## INPUT DATA
........

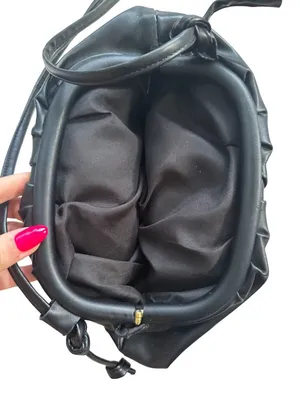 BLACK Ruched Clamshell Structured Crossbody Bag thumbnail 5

........

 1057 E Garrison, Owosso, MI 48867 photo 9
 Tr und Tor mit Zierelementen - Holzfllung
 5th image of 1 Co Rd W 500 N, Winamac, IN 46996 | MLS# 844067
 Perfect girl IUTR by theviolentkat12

........

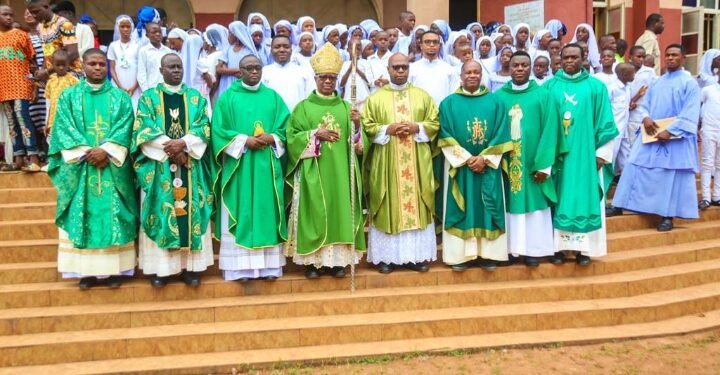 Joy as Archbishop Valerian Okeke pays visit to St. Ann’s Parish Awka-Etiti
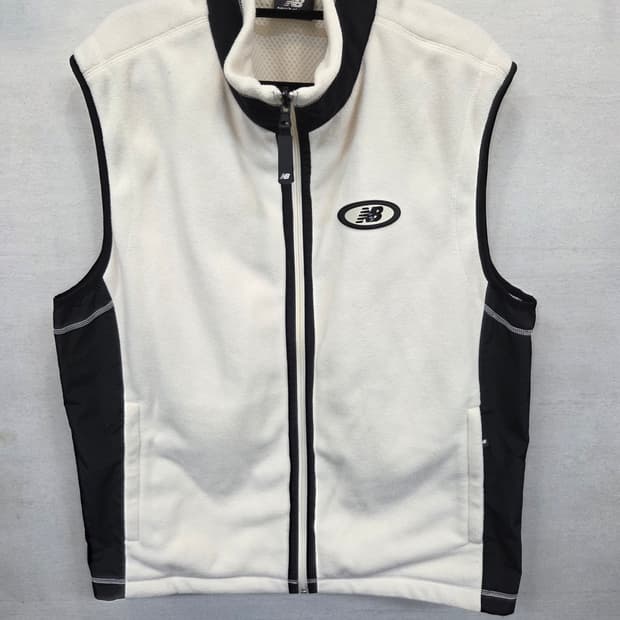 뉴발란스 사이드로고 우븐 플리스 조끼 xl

........

## TASK BRIEF
For this exercise, repeat exactly the lines of the data above from the one with "1057 E Garrison, Owosso, MI 48867 photo 9" down to the one with "Perfect girl IUTR by theviolentkat12", both end lines included.

## EXERCISE ANSWER
 1057 E Garrison, Owosso, MI 48867 photo 9
 Tr und Tor mit Zierelementen - Holzfllung
 5th image of 1 Co Rd W 500 N, Winamac, IN 46996 | MLS# 844067
 Perfect girl IUTR by theviolentkat12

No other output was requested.